**Instructions to follow**
What is needed is an exact copy of the lines from the one containing "CST BTB Fatbike Scout 20 x 4.00 Black Reflective CST" through the last line of the records below, with no pictures.

**Stored data**
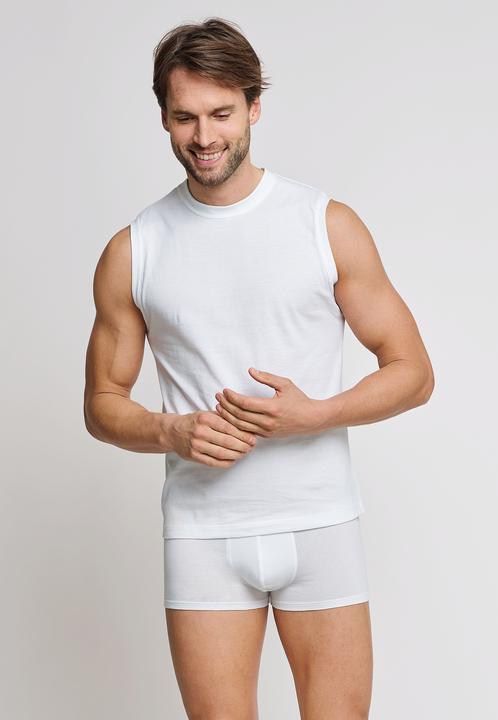 Actual product image Schiesser 2PACK Shirt 0/0 (S)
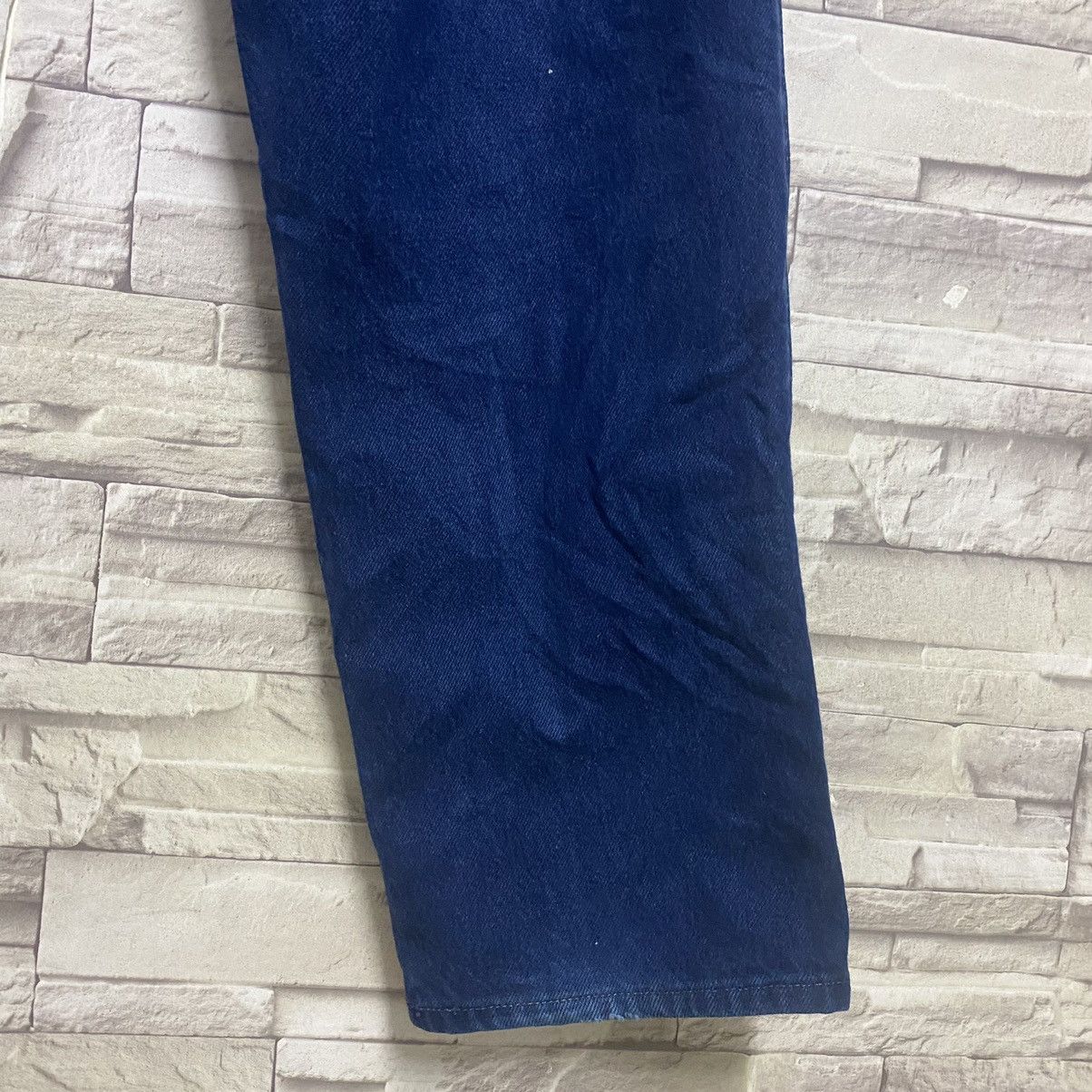 Levi's Vintage 90s Levis Silvertab Baggy Jeans 33x32 Size US 33 - 14 Thumbnail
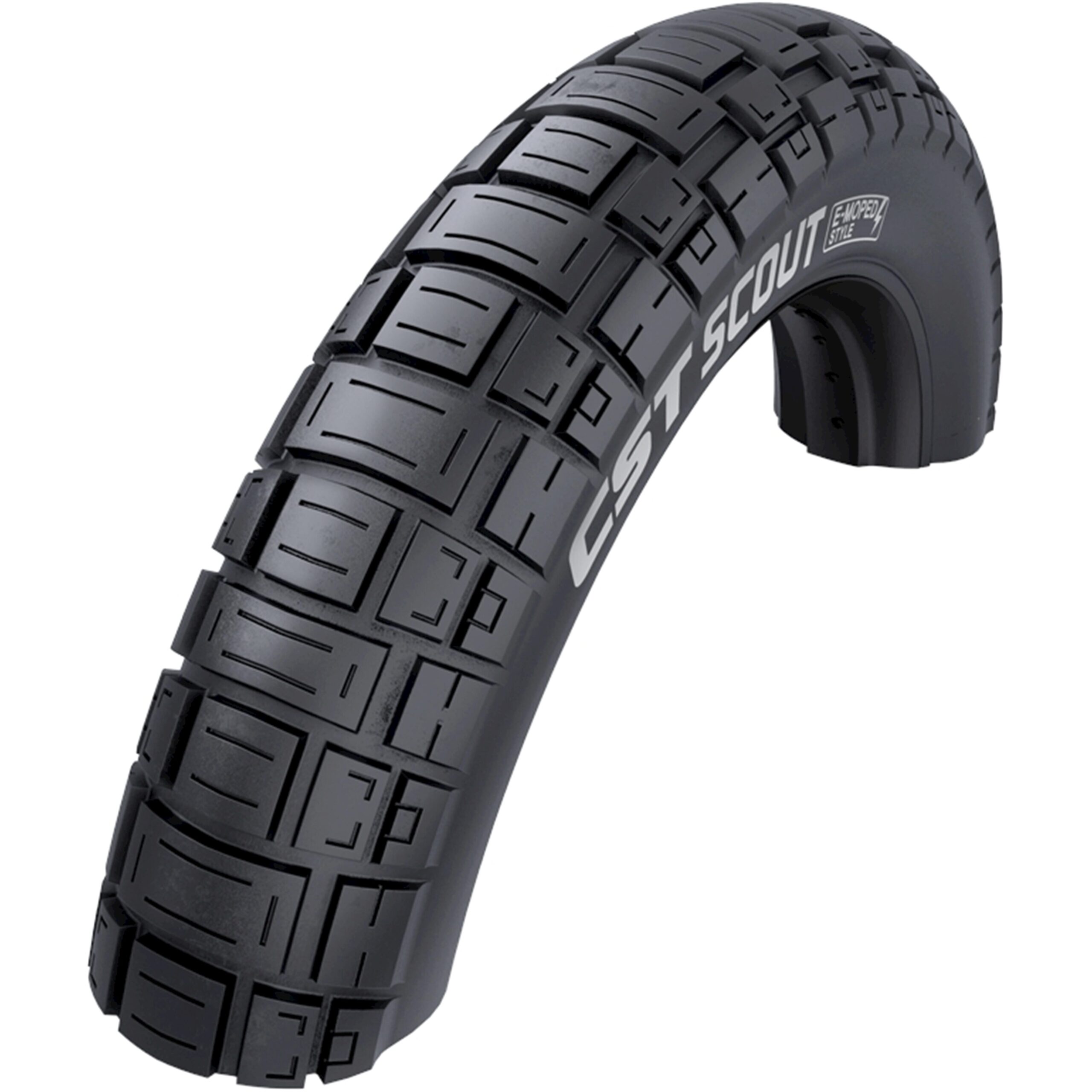 CST BTB Fatbike Scout 20 x 4.00 Black Reflective CST BTB Fatbike Scout 20 x 4.00 Black Reflective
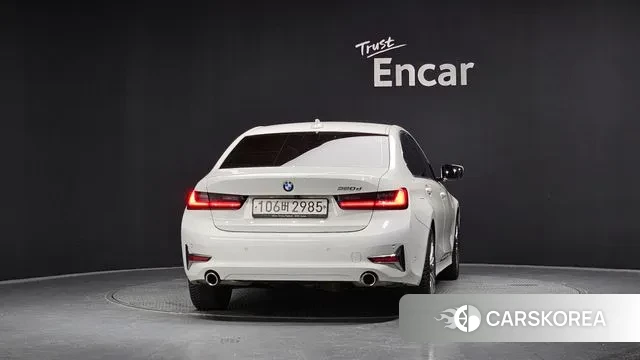 BMW 3 Series (G20) id 3004547 из Кореи 14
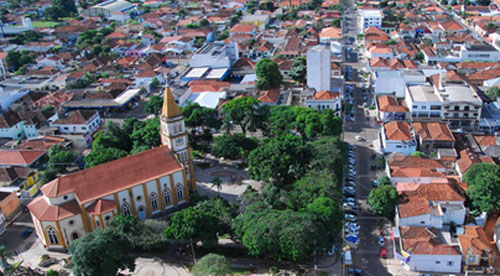 Ruas do centro de Paraguaçu ficarão interditadas para recuperação do piso de bloquetes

**Solution below**
 CST BTB Fatbike Scout 20 x 4.00 Black Reflective CST BTB Fatbike Scout 20 x 4.00 Black Reflective
 BMW 3 Series (G20) id 3004547 из Кореи 14
 Ruas do centro de Paraguaçu ficarão interditadas para recuperação do piso de bloquetes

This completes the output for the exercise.